◆ WHAT THE TASK REQUIRES
Please reproduce all the data exactly as written and omit the pictures.

◆ MATERIAL PROVIDED
++++++++++

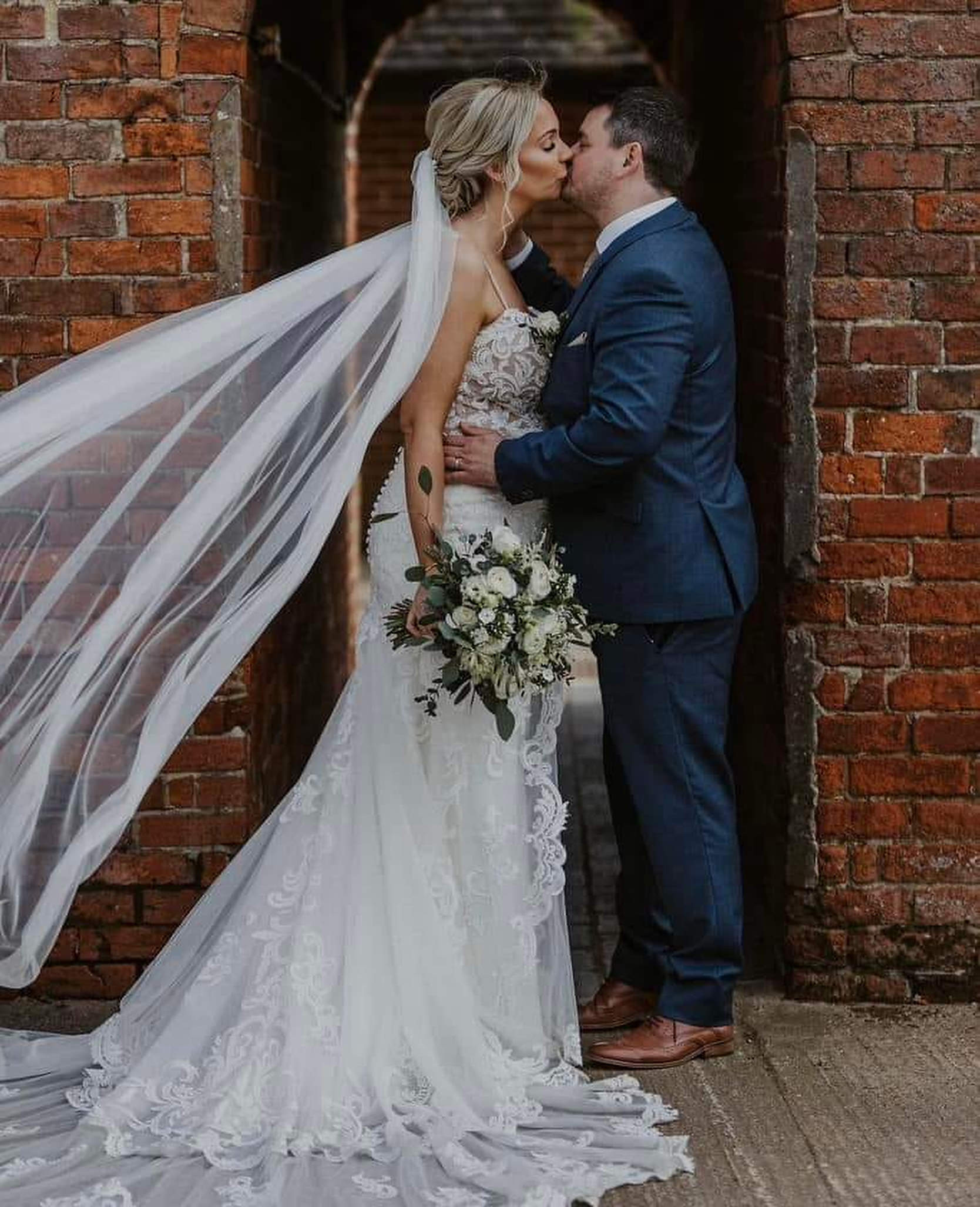 Portrait of the newly married couple kissing with a flowing veil and a stunning bouquet of flowers in hand, complimented perfectly by the buttonhole on the suit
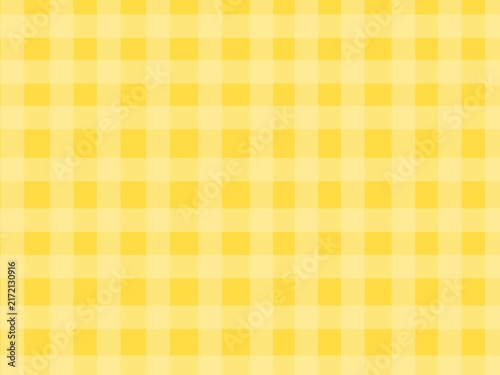 Yellow gingham background. Warm cheerful plaid background. Pink checkered texture. Classic checkered textile background for picnic, fashion, and summer designs.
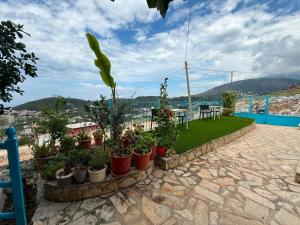 a view from the roof of a house with potted plants at Zoi's sea view in Himare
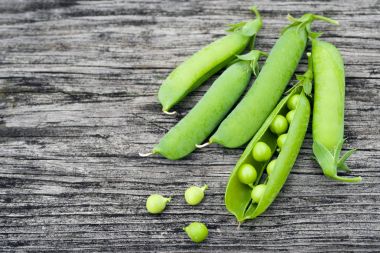 Eski bir ahşap yüzey üzerinde yeşil bezelye Pod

++++++++++

◆ EXERCISE ANSWER
 Portrait of the newly married couple kissing with a flowing veil and a stunning bouquet of flowers in hand, complimented perfectly by the buttonhole on the suit
 Yellow gingham background. Warm cheerful plaid background. Pink checkered texture. Classic checkered textile background for picnic, fashion, and summer designs.
 a view from the roof of a house with potted plants at Zoi's sea view in Himare
 Eski bir ahşap yüzey üzerinde yeşil bezelye Pod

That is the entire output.